Transcribe, starting at the line with "Нажмите на изображение для увеличения." and ending at the line with "729 NW 7th Ave, Grand Rapids, MN 55744", every line of the material below exactly, but leave out the pictures and anything outside that span.

Provided data.
[Start of Attachment]

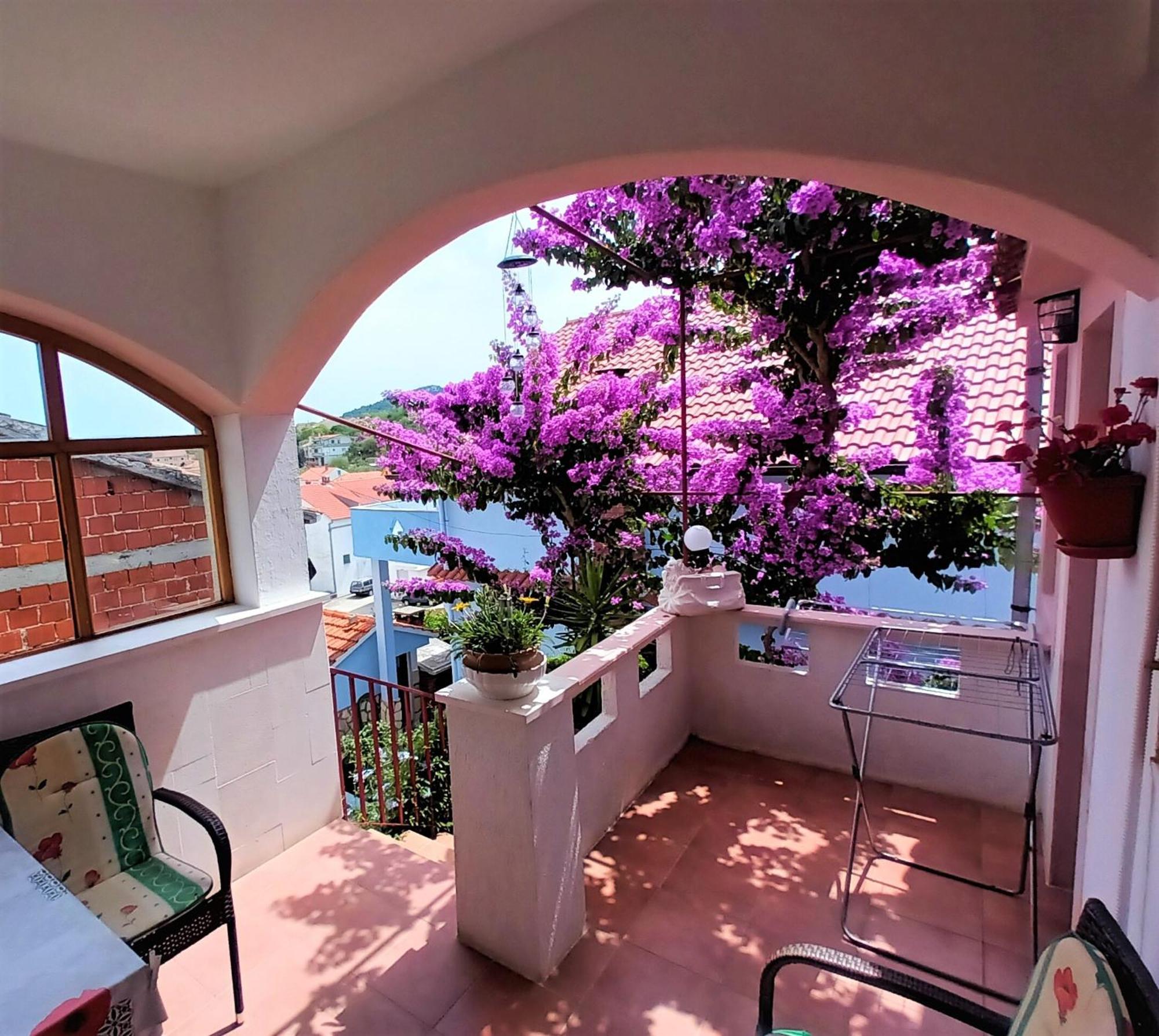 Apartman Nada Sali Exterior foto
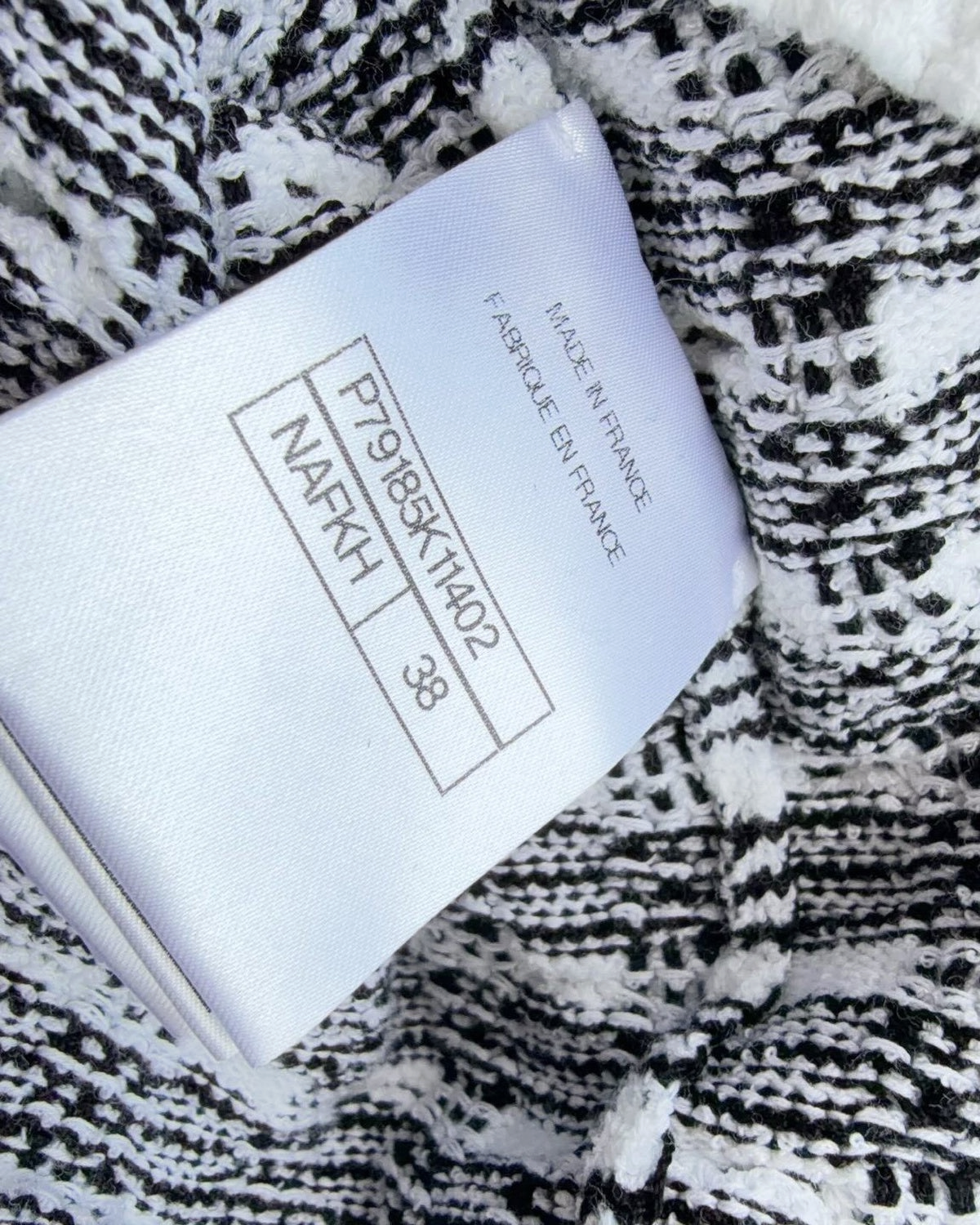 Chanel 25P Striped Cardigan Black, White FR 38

[End of Attachment]
[Start of Attachment]

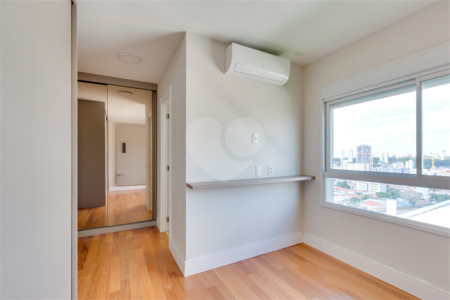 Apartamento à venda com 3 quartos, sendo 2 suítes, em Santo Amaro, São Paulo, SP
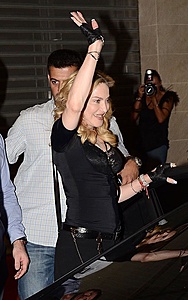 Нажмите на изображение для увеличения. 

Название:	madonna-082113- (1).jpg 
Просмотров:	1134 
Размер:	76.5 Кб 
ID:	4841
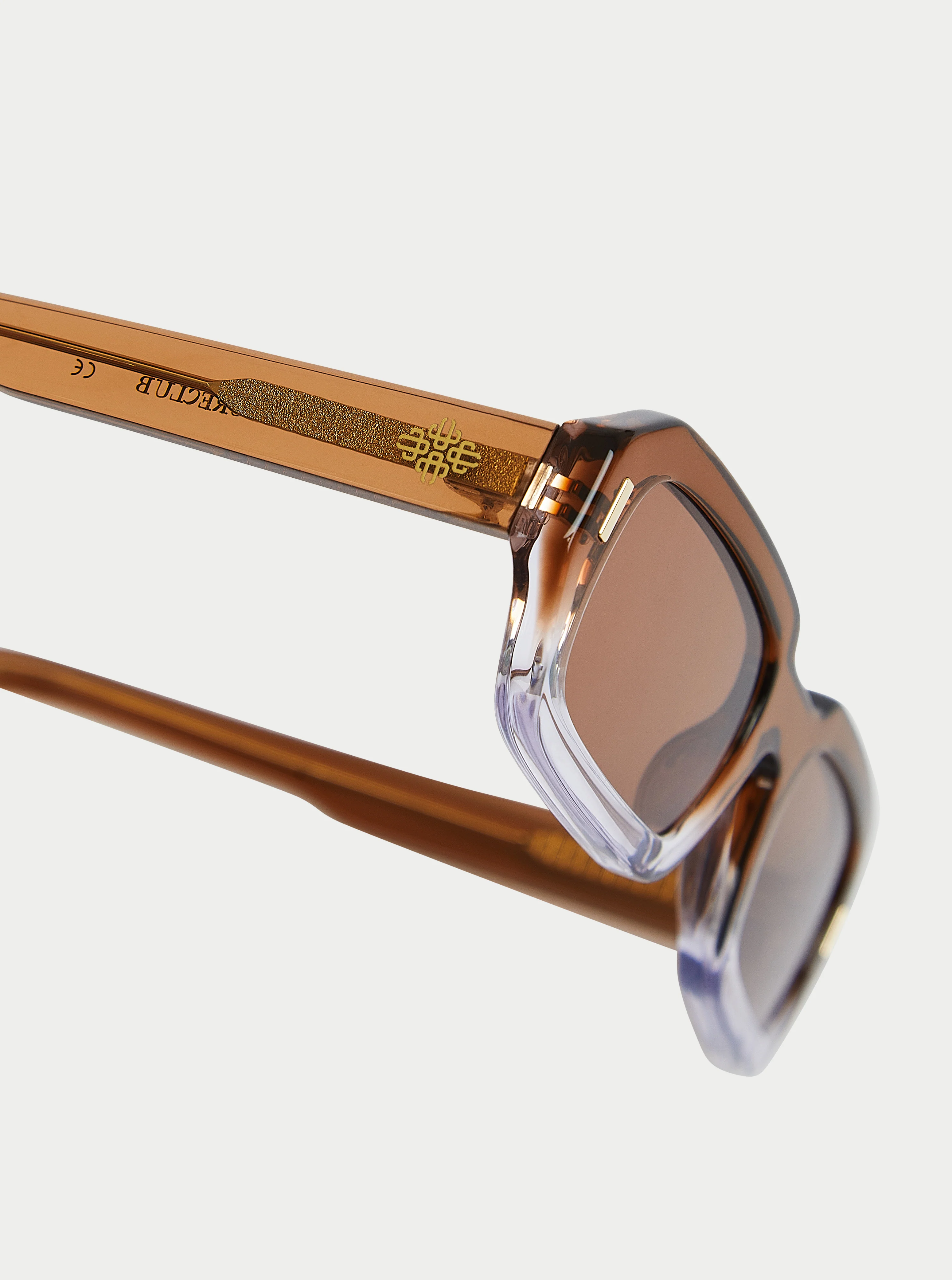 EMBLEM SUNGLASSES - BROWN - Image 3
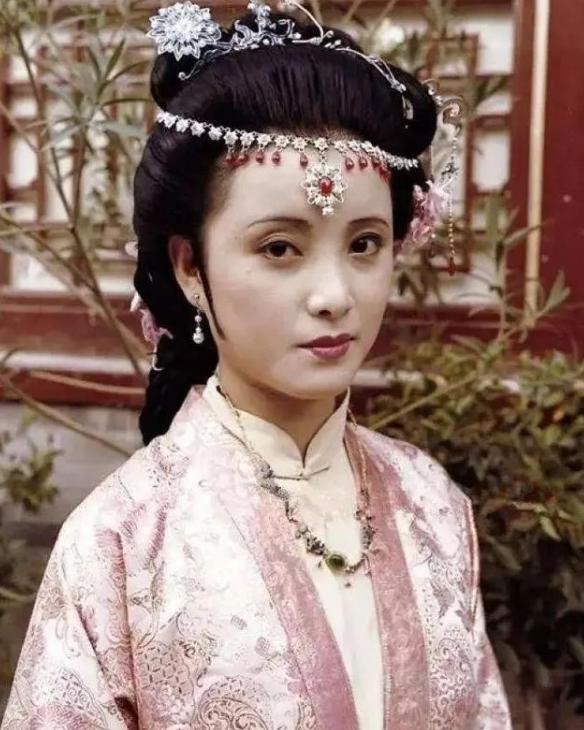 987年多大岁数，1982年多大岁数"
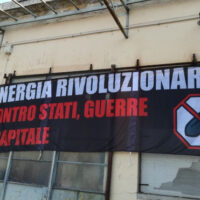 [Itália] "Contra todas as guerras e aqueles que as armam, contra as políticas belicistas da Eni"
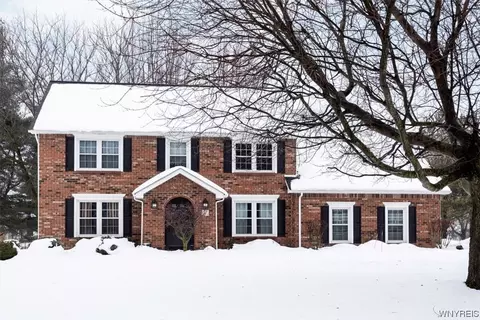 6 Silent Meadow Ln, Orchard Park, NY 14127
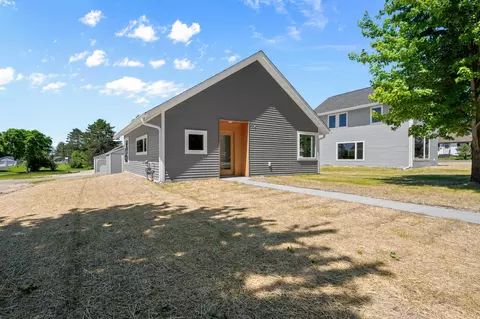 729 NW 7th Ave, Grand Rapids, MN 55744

[End of Attachment]

Answer to the problem.
 Нажмите на изображение для увеличения. 

Название:	madonna-082113- (1).jpg 
Просмотров:	1134 
Размер:	76.5 Кб 
ID:	4841
 EMBLEM SUNGLASSES - BROWN - Image 3
 987年多大岁数，1982年多大岁数"
 [Itália] "Contra todas as guerras e aqueles que as armam, contra as políticas belicistas da Eni"
 6 Silent Meadow Ln, Orchard Park, NY 14127
 729 NW 7th Ave, Grand Rapids, MN 55744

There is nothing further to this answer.